Abstract: Morphological variation among Turkish populations of the Atlantic horse mackerel Trachurus trachurus (Carangidae) was examined for 150 specimens at five different sampling localities (Sea of Marmara (Istanbul and Canakkale), Aegean (Izmir) and Northeastern mediterranean (Antalya and Iskenderun) seas) in Turkey by discriminant function analysis of eleven morphometric and five meristic characters. The results of discriminant function analysis showed that there is limited gene flow among T. trachurus populations in Turkish coastal waters. The Marmara Sea sample was similar to the Aegean Sea samples for both morphometric and meristic data. Morphometric and meristic data showed the heterogeneity between Aegean and Mediterranean mackerel samples. The Mediterranean samples separated from all others and indicate 2 local populations (Iskenderun and Antalya) for morphometric data, unlike meristic data that revealed no significant differentiation between 2 Mediterranean localities. Discriminant function analyses indicated that morphometric differentiation between the samples was largely due to differences in the head characters of fish. It is confirmed that metric characters are much less effective for discriminating between T. trachurus populations than morphometric characters, which is expressed higher distances between samples. The results indicate a small degree of spatial separation in morphology in T. trachurus among the studied localities.

INTRODUCTION

The species of the genus Trachurus are widely distributed along the coasts and throughout oceanic waters of temperate, tropical and subtropical seas (Eschmeyer, 2003). The species of the genus Trachurus are pelagic fishes of economic importance. Although, numerous studies have focused on morphological and ecological variability among species of Trachurus, the taxonomy and phylogenetic relationships among species remain controversial (Shaboneyev, 1981; Kijima et al., 1988; Ben Salem, 1995). The genus Trachurus, which was first described its taxonomies by Nichols (1920), is represented by 3 species in Turkish waters. The horse mackerel T. trachurus, which is one of the these species, has a global distribution extending from the eastern Atlantic including the Mediterranean Sea, Black Sea and the Sea of Marmara, to western Atlantic and also, to western Pacific and the Indian Oceans (Fish base online).
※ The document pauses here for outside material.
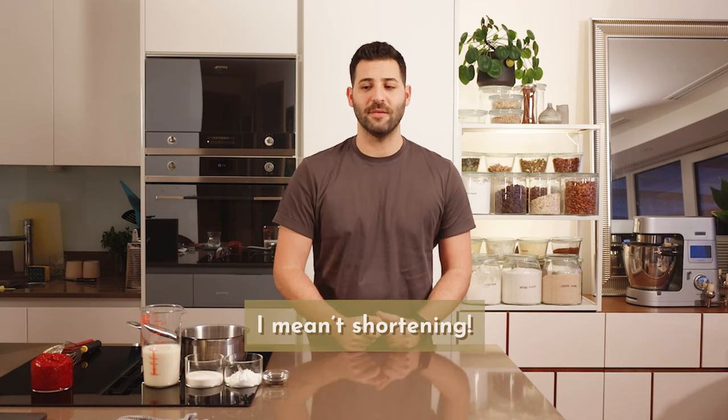Today we're making a rich vanilla bean cream. This is something akin to a cross between a whipped cream and a buttercream. We're going to start off with a custard base, cook it up, cool it, and then beat in some butter.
Morphometric and meristic studies have provided useful results for identifying marine fish stocks and describing their spatial distributions (Ihssen et al., 1981) and multivariate analysis of a set of morphometric and meristic characters has been widely used as a powerful technique for the determination of morphological relationships between the populations of a species (Corti and Crosetti, 1996; Vidalis et al., 1997; Mamuris et al., 1998; Cadrin, 2000; Murta, 2000; Pakkasmaa and Piironen, 2001; Palma and Andrade, 2002).
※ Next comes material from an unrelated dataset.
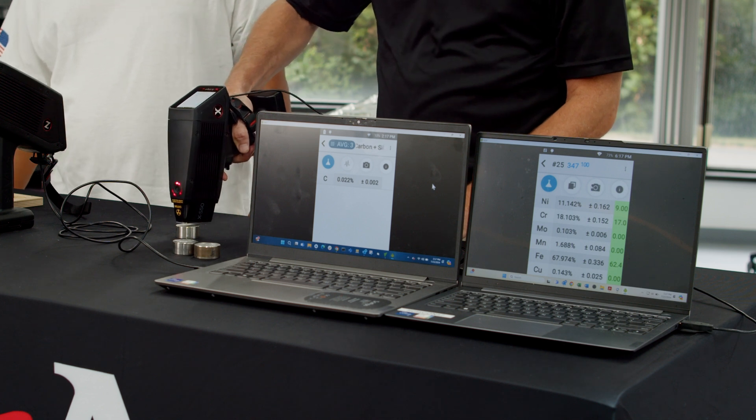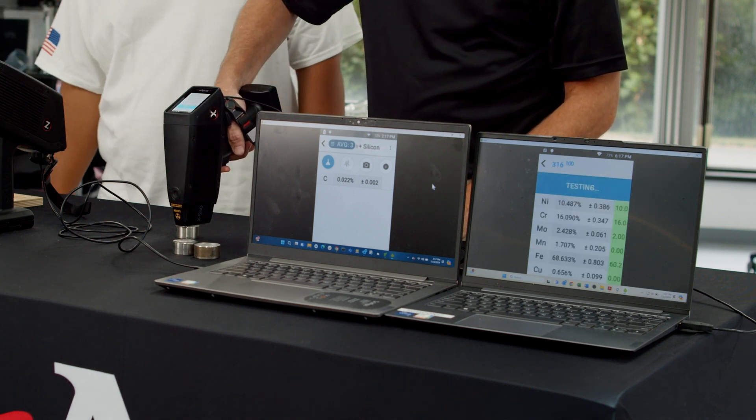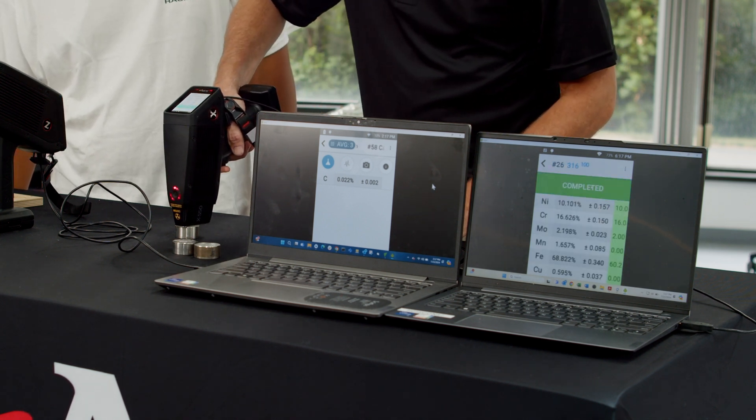If you need to shoot another piece you just do the same thing. We've now sorted the difference between a piece of 316 and a piece of 304.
Some morphometric and meristic characters of Atlantic horse mackerel in the Northeast Atlantic were previously analysed for stock identification and morphometric characteristics were showed considerably greater discriminatory power to distinguish individuals from different areas than did the meristic characters (Murta, 2000). Turan (2004) studied morphologic differentiation among stocks of Mediterranean horse mackerel, Trachurus mediterraneus, throughout the Black, Marmara, Aegean and Northeastern Mediterranean Seas from coasts of the Turkish waters, but have not yet been studied for T. trachurus species. Recently, intraspecific and interspecific genetic and phylogenetic relationships in the genus Trachurus, including also T. trachurus in Turkish coastal waters were investigated using mtDNA cyt b gene and control region sequences by Bektas and Belduz (2008).

The aims of this study are to assess and describe intraspecies variation in morphological and meristic characters of T. trachurus from different Turkey coastal locations; identify the best set of characters for group separation, with the use of the multivariate analysis technique.

MATERIALS AND METHODS

Sampling: A total of 150 specimens were collected from five different locations in the Aegean Sea, Sea of Marmara and Northeastern Mediterranean Sea (Fig. 1). All specimens were directly fixed in 10% formalin and were preserved in 70% ethanol after fixation and deposited in the Zoology Laboratory, Faculty of Fisheries, Rize University.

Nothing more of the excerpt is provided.